◆ What to produce
All of the records below should be retyped exactly, with no pictures included.

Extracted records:
*-*-*

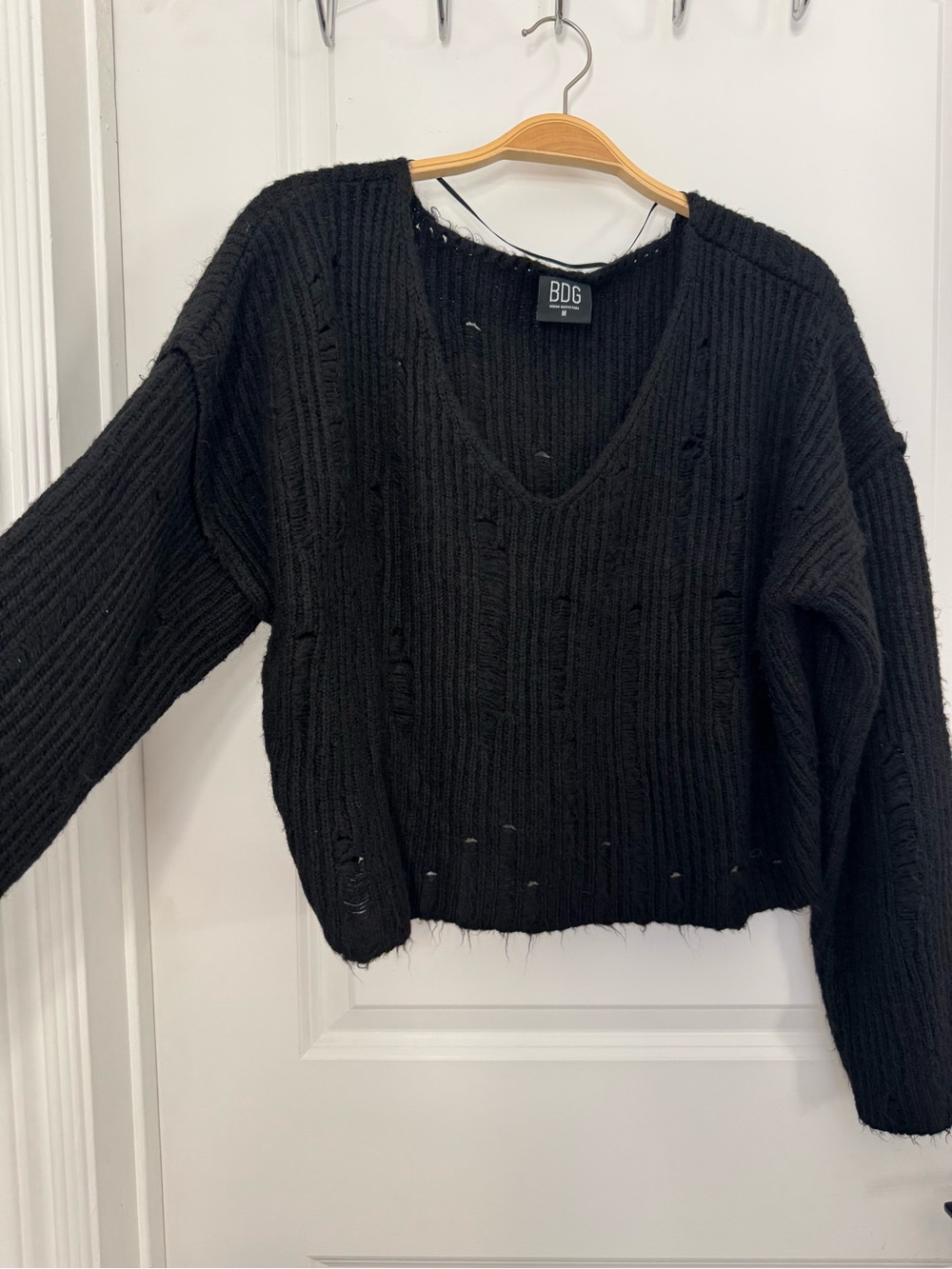 BDG Black V-Neck Ribbed Distressed Pullover Sweater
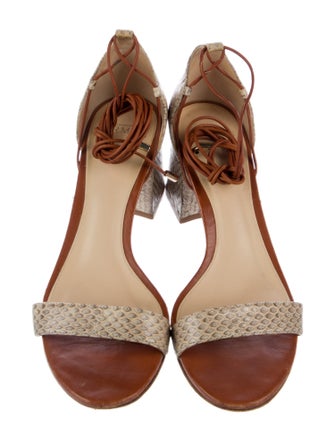 Alexandre Birman Embossed Leather Animal Print Sandals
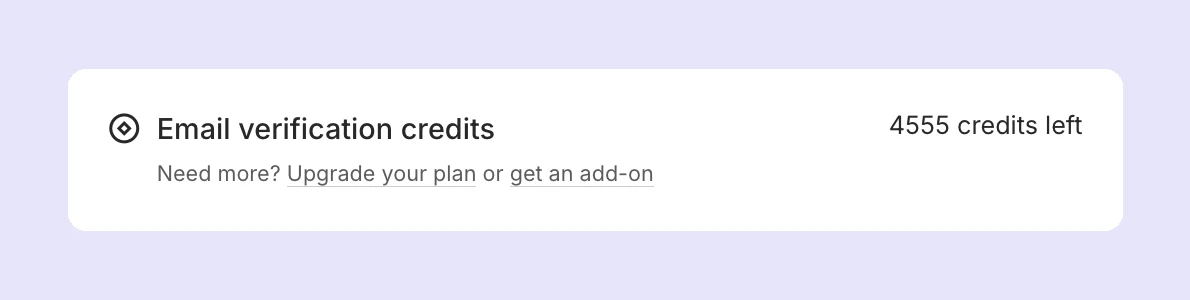 An example of the email verification credits usage widget. 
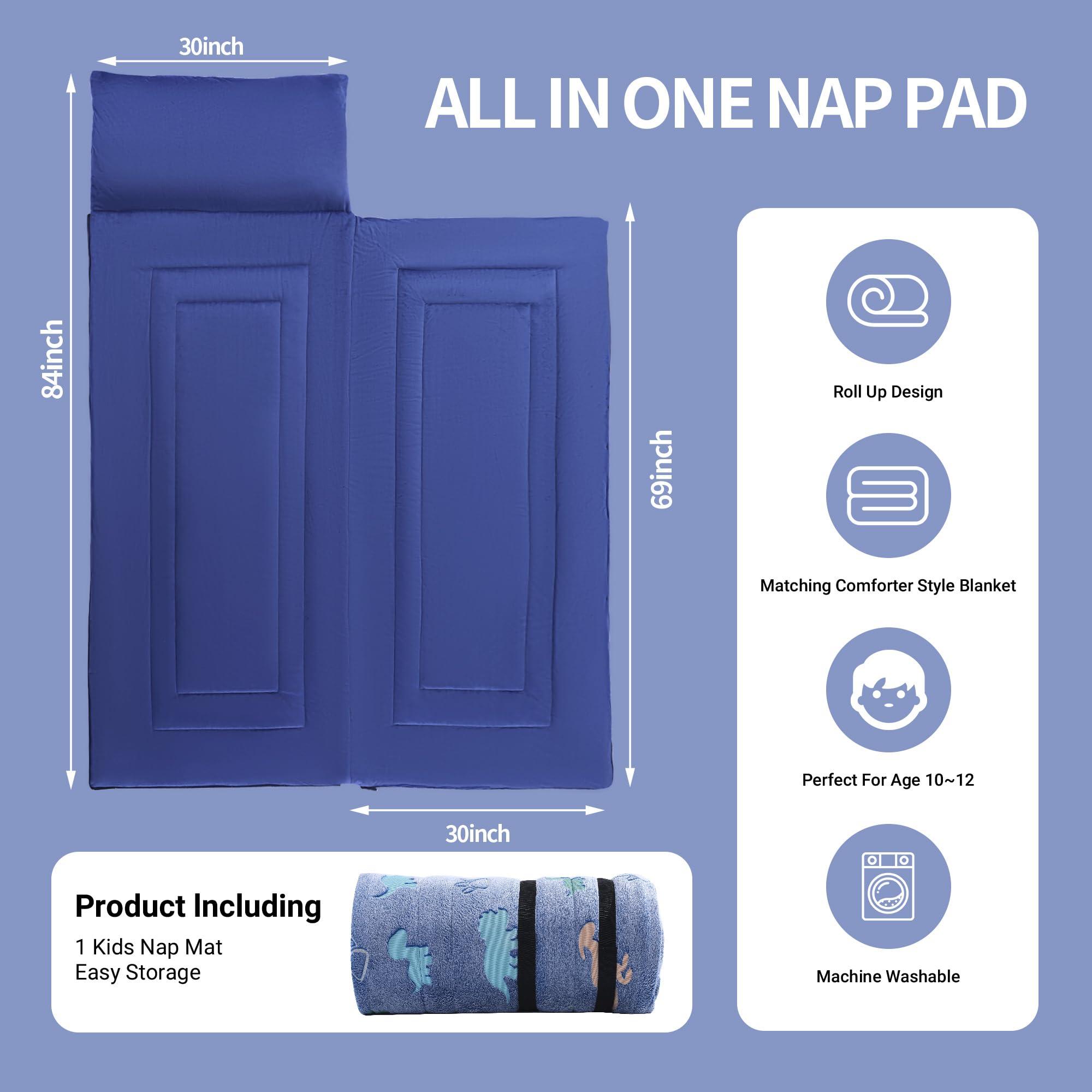 HOMBYS HOMBYS Glow in The Dark Sleeping Bags for 10~12 Years Old Kids, Soft Kids Nap Mat with Pillow and Blanket for Daycare School, Travel Sleep Bag for Childern Girls Boys Truck Travel Camping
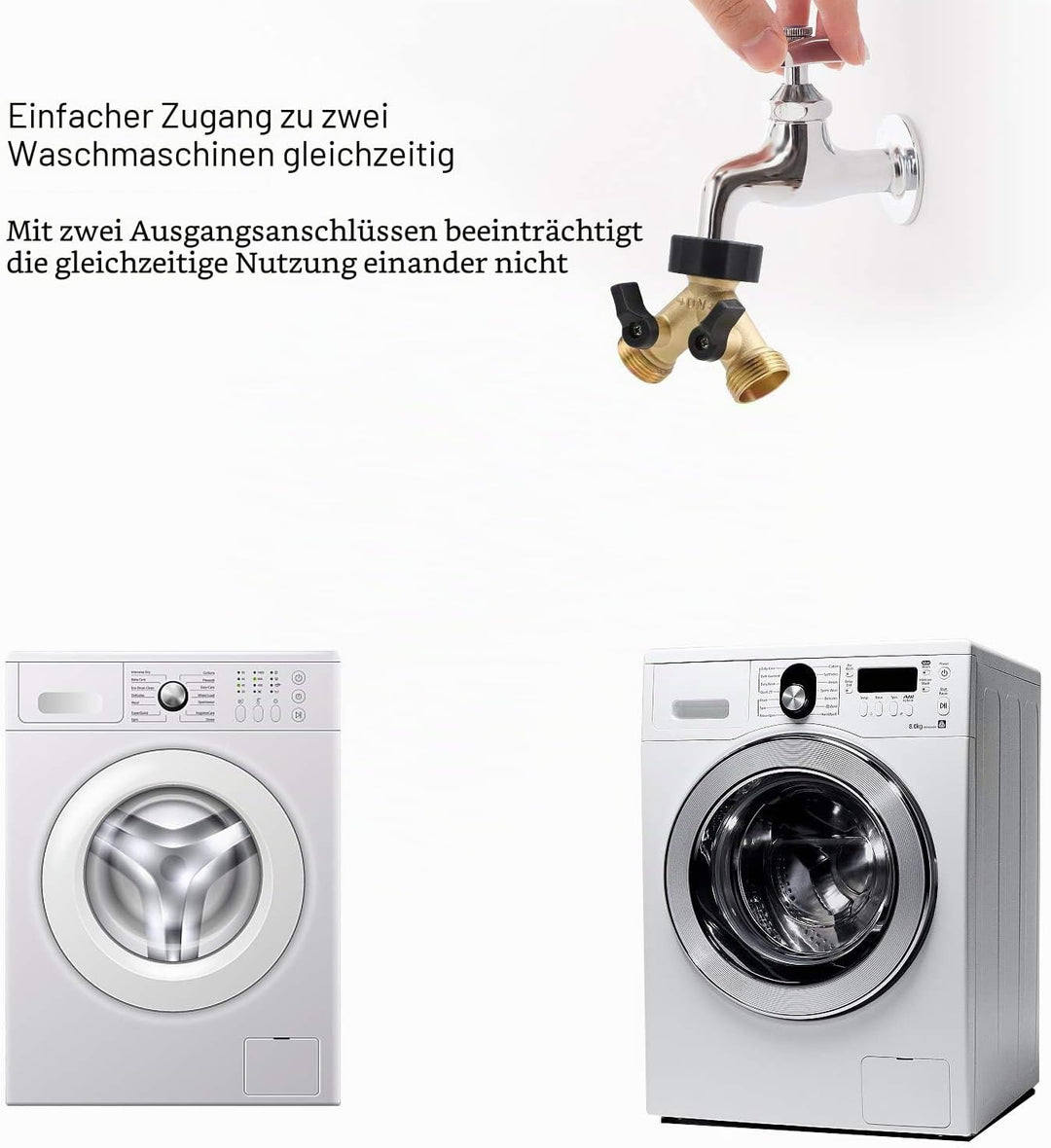 CPROSP 3/4 Zoll Verteiler aus Messing, für Zulaufschläuche, mit 2 Drehschalter, mit 2 * Hahnstückada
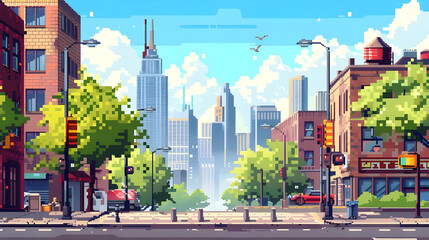 Pixel Art city scene with main road, Perfect for old style game background - obrazy, fototapety, plakaty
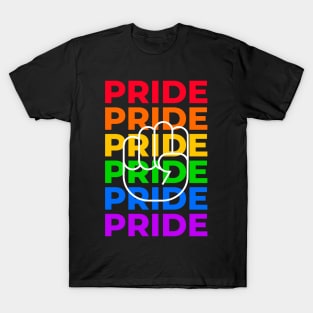 Gay Pride LGBTQ Rainbow Typography Raised Fist T-Shirt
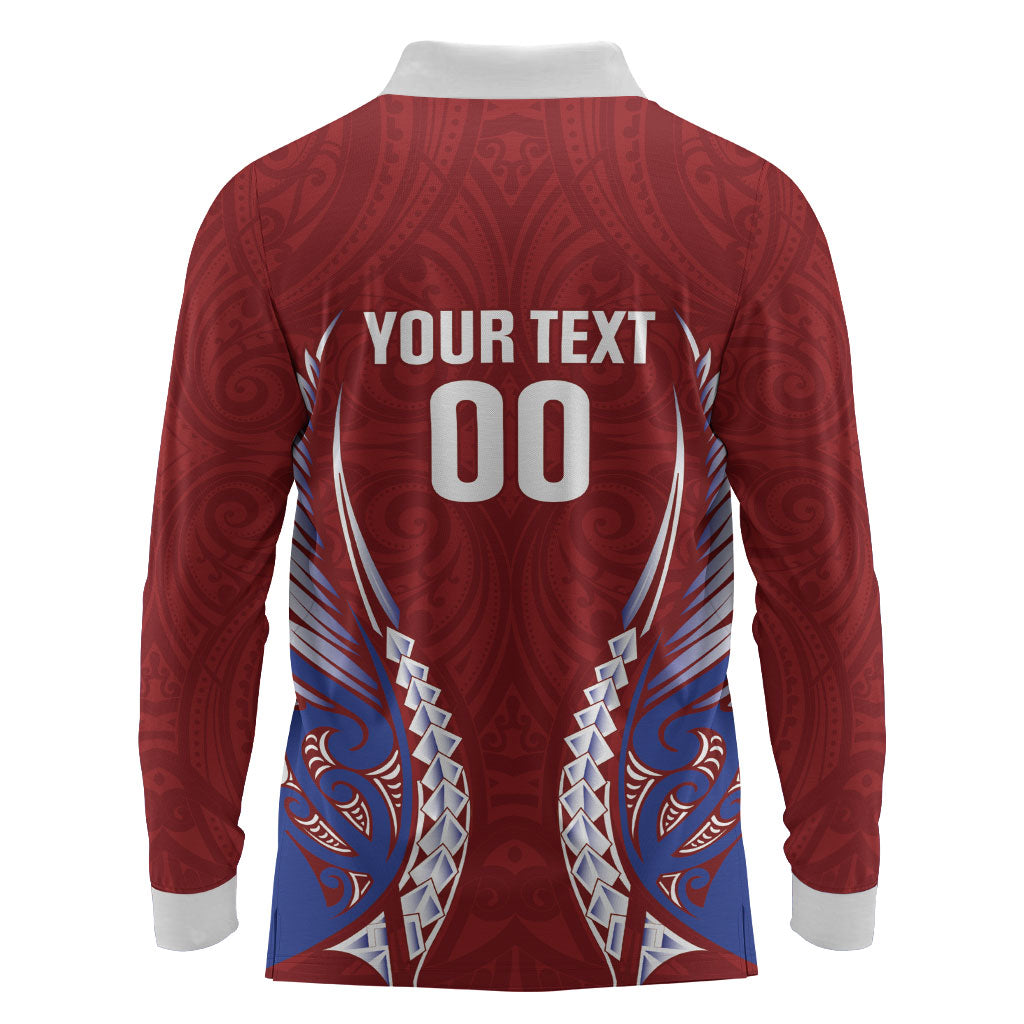 Southland 2026 Rugby Custom Long Sleeve Polo Shirt NZ Maori Silver Fern LT14 - Polynesian Pride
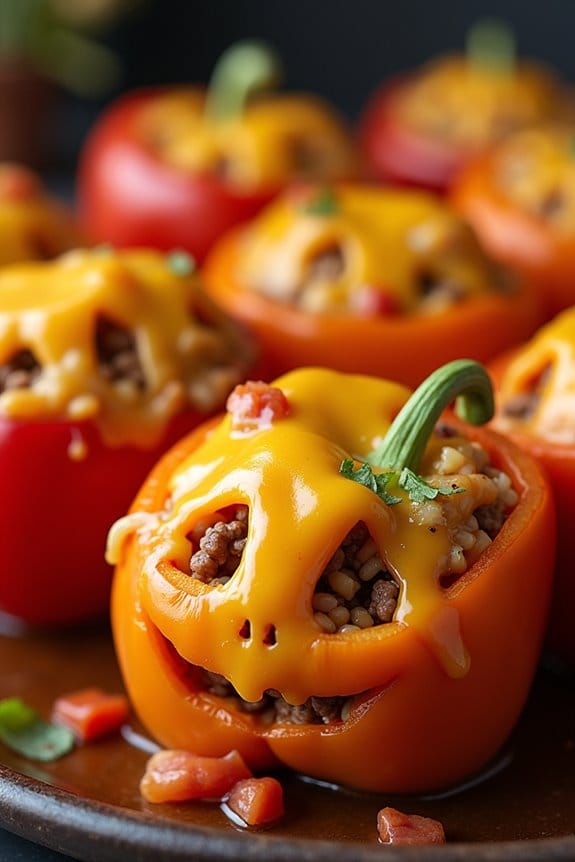 ghostly halloween stuffed peppers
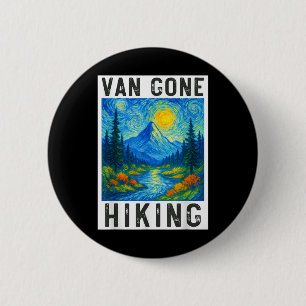 Macaron Rond 5 Cm Van Gogh Randonnée, Camping Montagnes Nature, Drôl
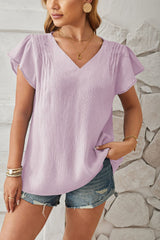 V-Neck Flutter Sleeve T-Shirt - Flyclothing LLC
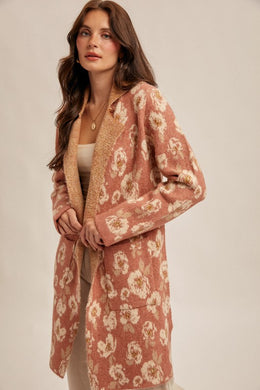 Floral Collared Sweater Coat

*-*-*

◆ Answer for the task
 BDG Black V-Neck Ribbed Distressed Pullover Sweater
 Alexandre Birman Embossed Leather Animal Print Sandals
 An example of the email verification credits usage widget. 
 HOMBYS HOMBYS Glow in The Dark Sleeping Bags for 10~12 Years Old Kids, Soft Kids Nap Mat with Pillow and Blanket for Daycare School, Travel Sleep Bag for Childern Girls Boys Truck Travel Camping
 CPROSP 3/4 Zoll Verteiler aus Messing, für Zulaufschläuche, mit 2 Drehschalter, mit 2 * Hahnstückada
 Pixel Art city scene with main road, Perfect for old style game background - obrazy, fototapety, plakaty
 Gay Pride LGBTQ Rainbow Typography Raised Fist T-Shirt
 Southland 2026 Rugby Custom Long Sleeve Polo Shirt NZ Maori Silver Fern LT14 - Polynesian Pride
 ghostly halloween stuffed peppers
 Macaron Rond 5 Cm Van Gogh Randonnée, Camping Montagnes Nature, Drôl
 V-Neck Flutter Sleeve T-Shirt - Flyclothing LLC
 Floral Collared Sweater Coat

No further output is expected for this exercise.